Saturday, February 06, 2010

CS: Compressive Sensing Linear Algebra 101

nasa_iss_stream

Do you think about Lapack when you perform your average matrix inversion. Sure you don't, you expect that it works and you expect that your main problem is filling up the numbers in that matrix you are about to invert. The rest is known. For those of you using Matlab it's about using inv or \ and that's it. It turns out that we need to build a framework so that eventually folks at Matlab overload operators like inv or \ when the system is underdetermined so that Compressive Sensing becomes as obvious as any operations using Lapack.

Today, we are going to look at an algorithm that is used in the calibration of the Random Lens Imager. Why ? because it is the sort of capability that any engineer, physicist or chemist should be able to do without having to KNOW compressive sensing or read this blog for weeks or immersed herself in all the papers at the Rice Repository. Let us state the problem:

Suppose you have a specific physical set up that transforms elements x into elements y. You know the physical transform is linear. The problem can be stated as:

y = A x

where y and x are vectors of size n and A is matrix of size m x n. The goal of the maneuver is to find A i.e. one is looking to fill up a matrix of unknown coefficients while having access to both x and y. Sounds simple enough. You form n vectors x equal to the vectors of the canonical basis. You physically perform n times the product A x with the same n canonical vectors and obtain the y as your physical response. Because you are using canonical vector, the y's are just the columns of A. You may also notice that in this case, m could be different from n but this is not important This is basic Algebra 101 taught in high school.

What happens if you know that A is sparse and but is also very large ? [Update: you do not know the sparsity pattern of A] if you have followed the thread but don't know about compressive sensing, a naive answer would be to say: well, Igor, it doesn't matter, I'll just go for a larger number of canonical vectors, it'll take longer but that's it. In other words, knowing in advance that A is sparse is irrelevant.

Compressive Sensing is a technique that allows one to take this statement into account and by the same token reduces the number of times you will perform these matrix vector multiplications.
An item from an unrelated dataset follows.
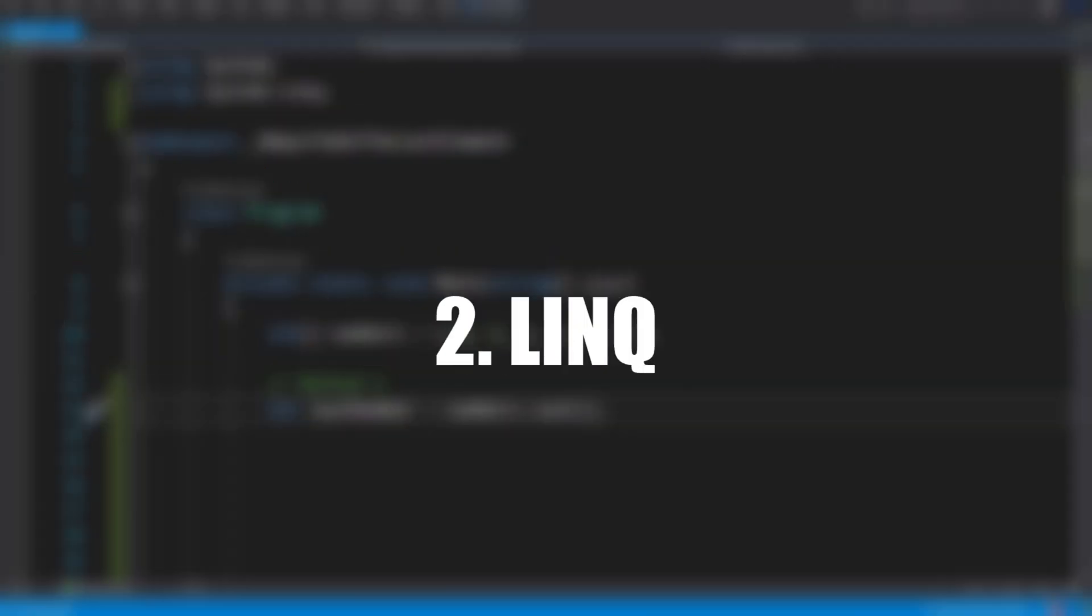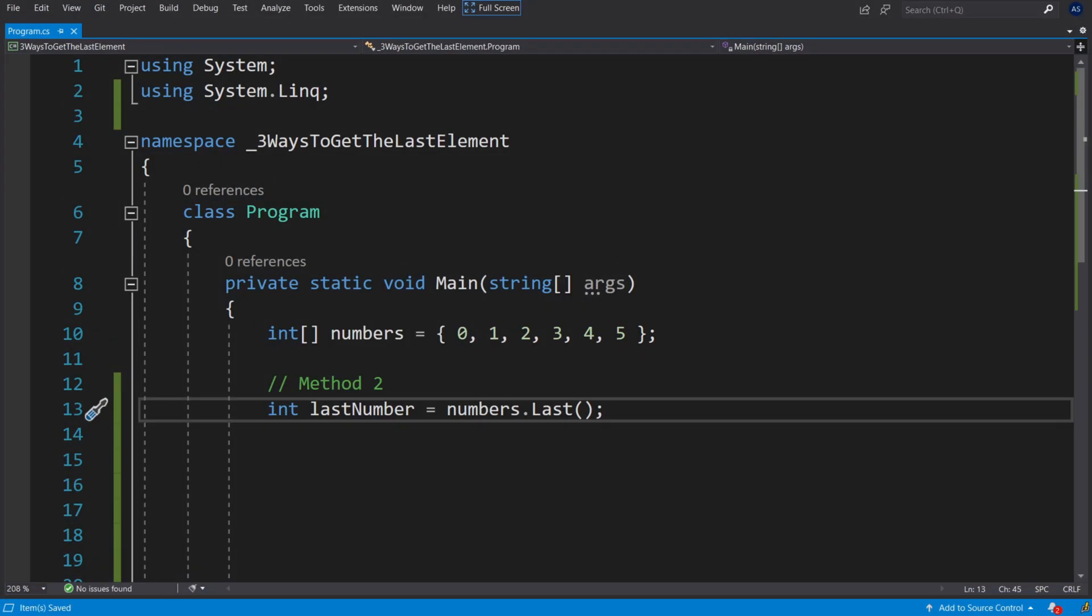Method number two using the LINQ Last method. By using the System.LINQ namespace you have the option to use methods like Last that return the last instance of a collection.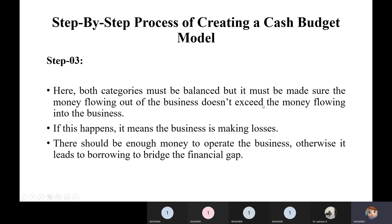If investment money exceeds ROI, the business runs at a loss, creating a financial gap that may force shutdown of branches due to lack of funds. Some investors may borrow money from banks or other sources to fill the gap, repaying once profits return after a few months. To avoid these situations, from the very start, investment money must never exceed profit money.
How much reduction are we talking about ? let us say you know the sparsity of A is roughly k, instead of performing n matrix-vector operations (or n measurements in your physical system), compressive sensing guarantees under certain conditions that the number of operations will be in the realm of k log(n).
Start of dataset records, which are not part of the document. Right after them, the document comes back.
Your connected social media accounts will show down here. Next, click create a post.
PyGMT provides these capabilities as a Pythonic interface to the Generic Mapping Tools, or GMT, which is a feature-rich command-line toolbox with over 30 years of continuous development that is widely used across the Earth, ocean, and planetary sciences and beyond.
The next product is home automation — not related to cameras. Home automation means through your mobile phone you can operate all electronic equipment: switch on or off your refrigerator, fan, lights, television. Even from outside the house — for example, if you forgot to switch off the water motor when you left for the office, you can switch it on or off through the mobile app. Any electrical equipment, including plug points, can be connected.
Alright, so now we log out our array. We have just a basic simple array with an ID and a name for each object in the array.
Let us appreciate some orders of magnitude here: If n = 10^7 (10 million), then for a sparsity k = 1000, the number of operations is reduced by 10^7/(10^3log(10^7)) = 620 or between 2 to three orders of magnitude. If making one measurement takes a second, then instead of taking 115 days to perform the full characterization of A, you are looking at finishing up this whole thing within 5 hours. Did I get your attention ? Good.
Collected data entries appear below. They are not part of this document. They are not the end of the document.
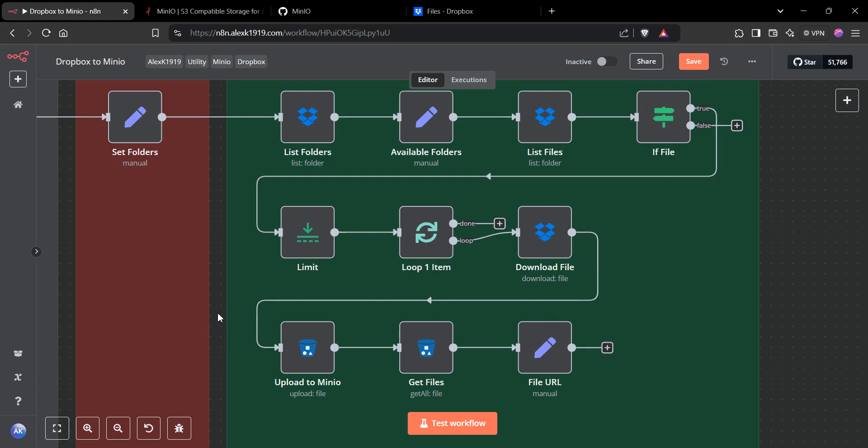Hopefully that makes it clear what this workflow does. This is a pretty straightforward utility workflow for you to move files around and have a final URL available for your other workflows. Let me know if you have any questions in the comments. Thanks for watching, and I'll see you guys next time.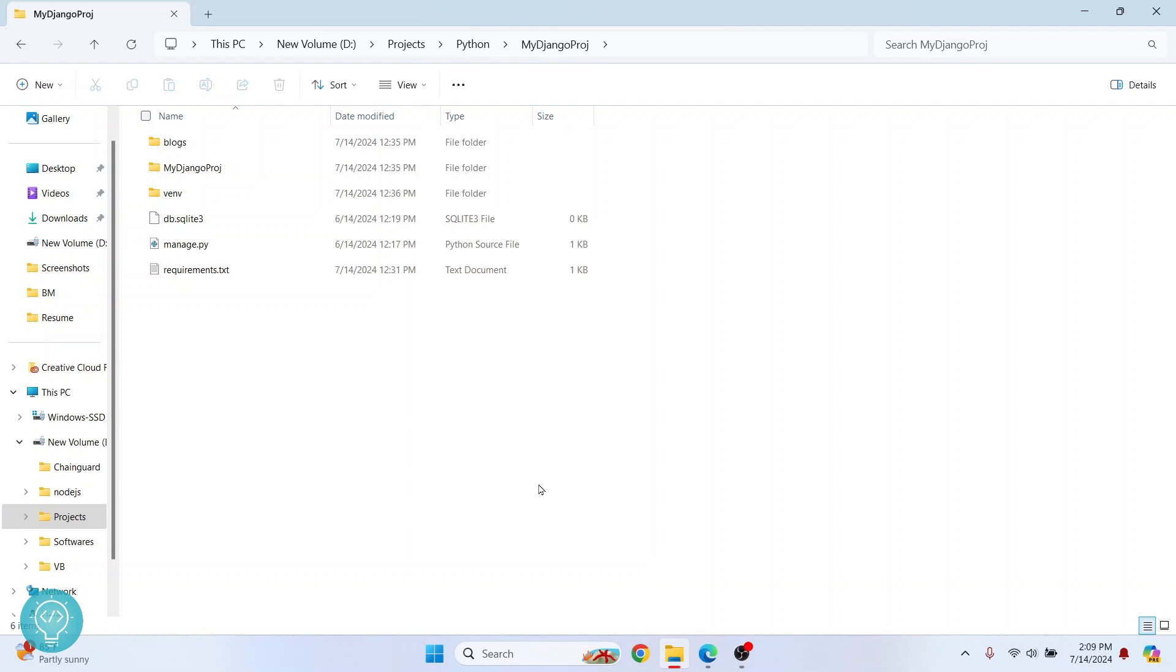So first of all, what we need to understand is we need to initialize Git repository in this project and then we need to initialize a Git repository in GitHub or GitLab or any other remote management system. So first, what we'll do is we will initialize Git in this project.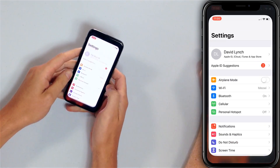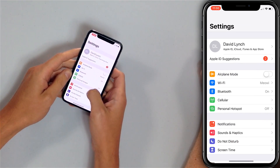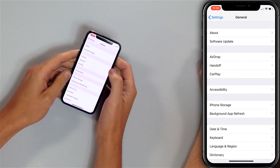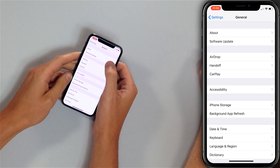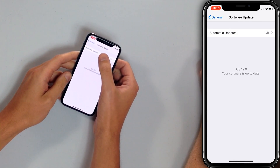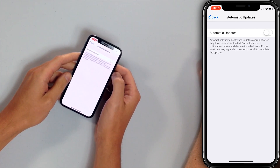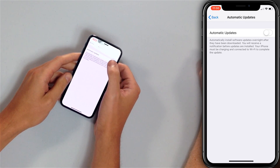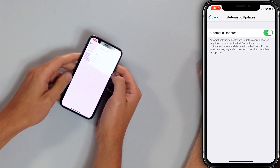This is a new feature — it'll update your iPhone software automatically. Let's show you how to do that. We're going to open up the Settings app, scroll down, tap General, tap Software Update, and then tap on this new Automatic Updates. Turn on the switch next to Automatic Updates — it'll turn green — and now your iPhone will update automatically.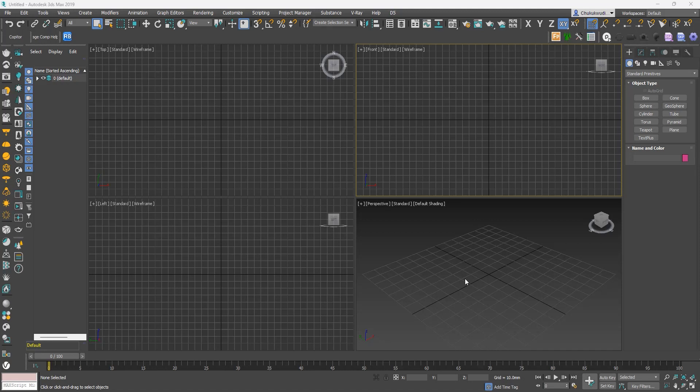In this video, we are going to take an in-depth look at the Compact Material Editor and the Slate Material Editor. Which one should you use as someone who wants to take their visualization to the next level? The best way to answer that question is to look into both of them, understand how they work, and then figure out which one is better.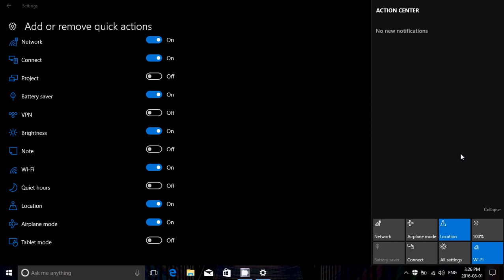So basically you just put the buttons that you wish and you remove the ones that you don't want. As easy as that.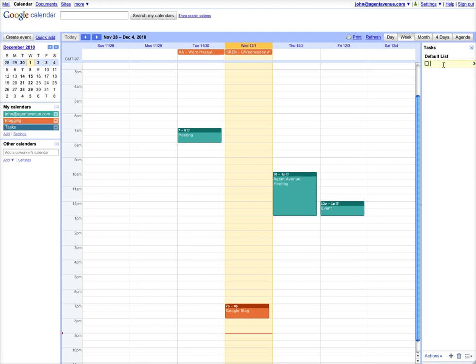To add a task, you just click and add a task by typing in a task. If you want more tasks, you hit the plus sign. We'll go ahead and add a couple here.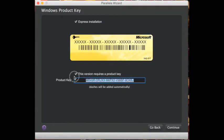Then click continue. Input your serial number and product key of your Windows XP.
How do we solve this then ?

Let us first define other matrices first:

Y = A X
where
  • X is a matrix of size n x n1, in the naive approach stated above, its columns each represent the n1 first canonical vectors.
  • A is a matrix of size m x n of unknown coefficients
  • Y is a matrix of size m x n1, in the naive approach stated above, its columns represent the first n1 columns of A

In the naive approach, when n1 reaches n, one fully knows A. The statement can be put in the following form:

Yt = Xt At

where the t index represent the transpose and where
  • Xt is a matrix of size n1 x n, in the naive approach stated above, its rows each represent the n1 first canonical vectors.
  • At is a matrix of size n x m of unknown coefficients
  • Yt is a matrix of size n1 x m, in the naive approach stated above, its rows represent the first n1 columns of A
The statement can also be put in the following form:

yt_i = Xt at_i

where
  • at_i is the i-th column vector of size n x 1 of unknown coefficients of At. This statement stands for i=1 to m.
  • yt_i is the i-th column vector of size n1 x 1 of unknown coefficients of At. This statement stands for i=1 to m and as before,
  • Xt is a matrix of size m1 x n, in the naive approach stated above, its rows each represent the n1 first canonical vectors.
Each of these at_i vectors are sparse or very sparse and we are solving for all of them. In order for compressive sensing to work, we are not going to be using canonical vectors (the rows of Xt) but we are going to use random vectors. Also, since we don't know the sparsity k of A, we are going through an iterative process.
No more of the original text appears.